(Items from a dataset)
Start of Block

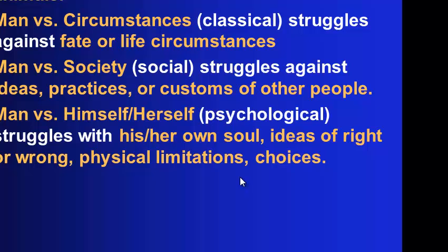Man versus circumstances. This is a classical type of conflict. It's when you struggle against fate or life circumstances. You're going to see that in some of the short stories that we're going to read next. There's nothing you can do about it. It's just going to happen because it's a circumstance.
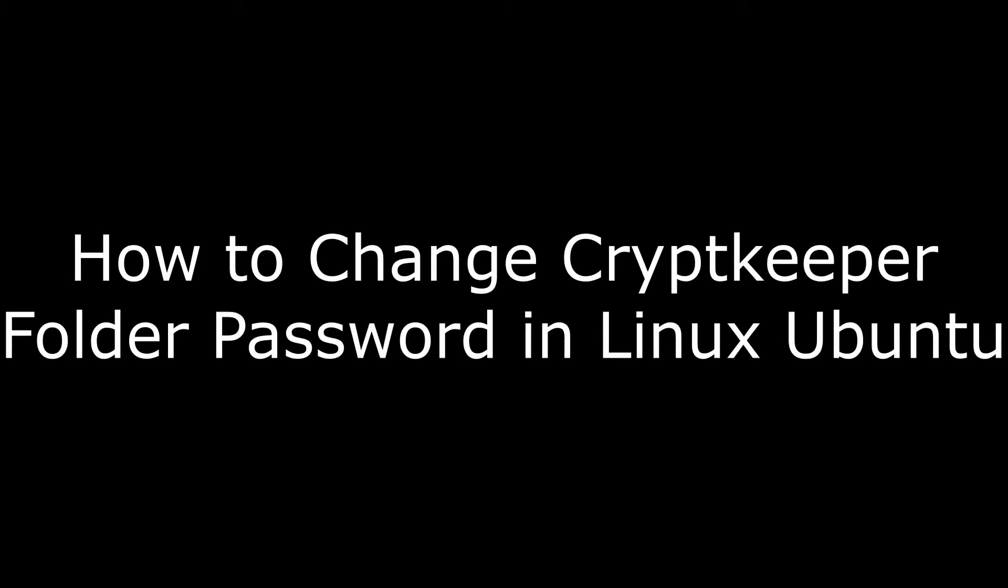Hi. I'm Max Dalton, and in this video I'm going to talk through how to change a Cryptkeeper folder password in Ubuntu.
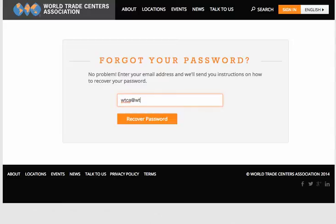Enter your email address and then click recover password. You will then receive an email with a link and instructions for resetting your password.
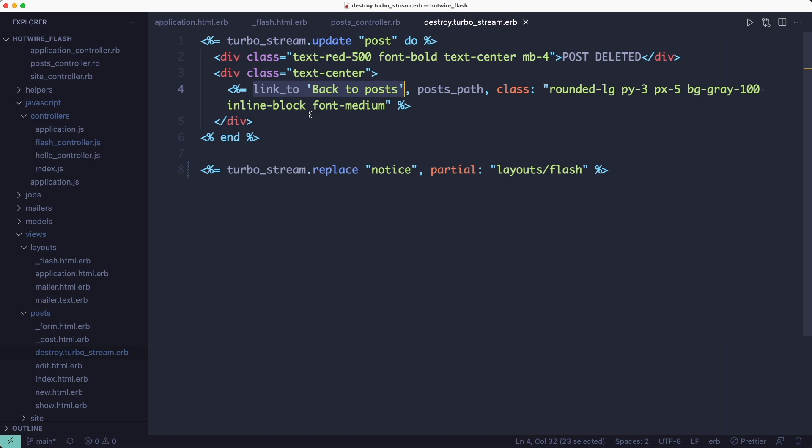Then we're going to update the flash. And because we've extracted it out, we can render the flash partial and update the notice ID. Finally,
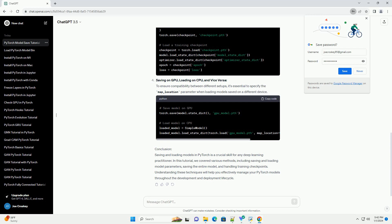Saving on GPU, loading on CPU, and vice versa. To ensure compatibility between different setups, it's essential to specify the map_location parameter when loading models saved on a different device.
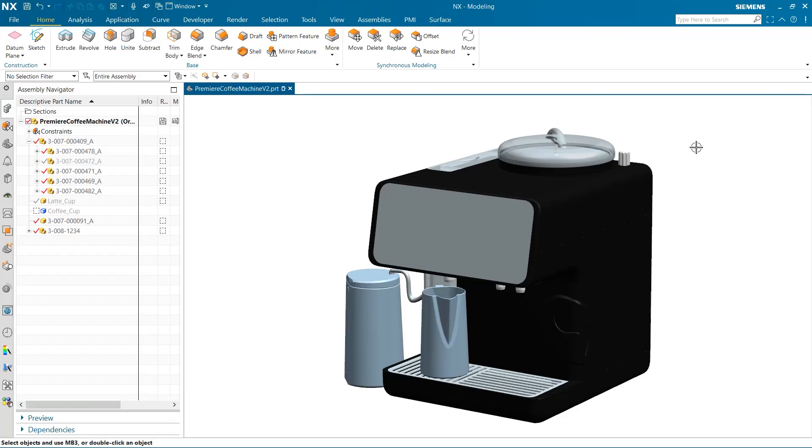Hello, my name is Jimmy Costello from the NX product marketing team, and today we are going to be taking a look at how we can utilize different render options to optimize our experience using Raytrace Studio visualization.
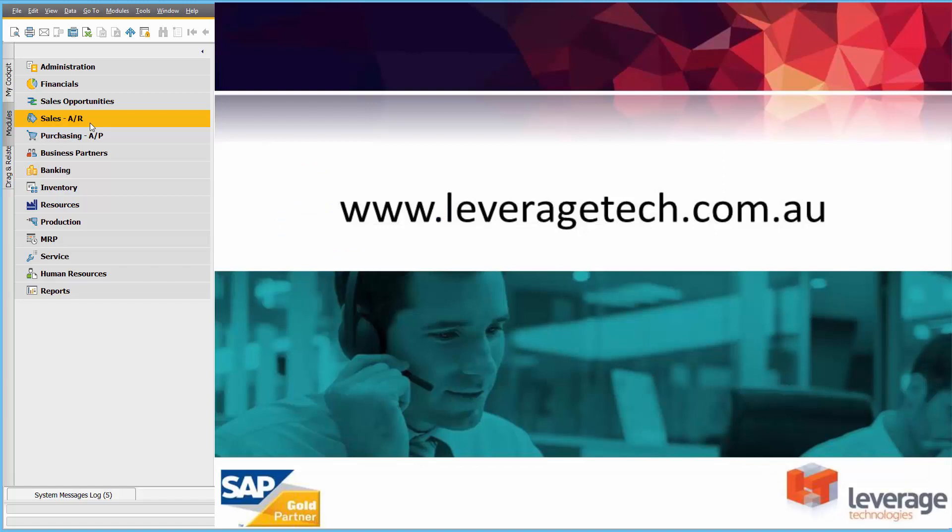Thanks for watching. I hope you enjoyed the presentation. Please don't forget that there's lots of other information available on our website at leveragetech.com.au. Thanks for watching.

End of Block

Reproduce every record verbatim, please. Omit the images.

Man versus circumstances. This is a classical type of conflict. It's when you struggle against fate or life circumstances. You're going to see that in some of the short stories that we're going to read next. There's nothing you can do about it. It's just going to happen because it's a circumstance.
Hi. I'm Max Dalton, and in this video I'm going to talk through how to change a Cryptkeeper folder password in Ubuntu.
Enter your email address and then click recover password. You will then receive an email with a link and instructions for resetting your password.
Then we're going to update the flash. And because we've extracted it out, we can render the flash partial and update the notice ID. Finally,
Saving on GPU, loading on CPU, and vice versa. To ensure compatibility between different setups, it's essential to specify the map_location parameter when loading models saved on a different device.
Hello, my name is Jimmy Costello from the NX product marketing team, and today we are going to be taking a look at how we can utilize different render options to optimize our experience using Raytrace Studio visualization.
Thanks for watching. I hope you enjoyed the presentation. Please don't forget that there's lots of other information available on our website at leveragetech.com.au. Thanks for watching.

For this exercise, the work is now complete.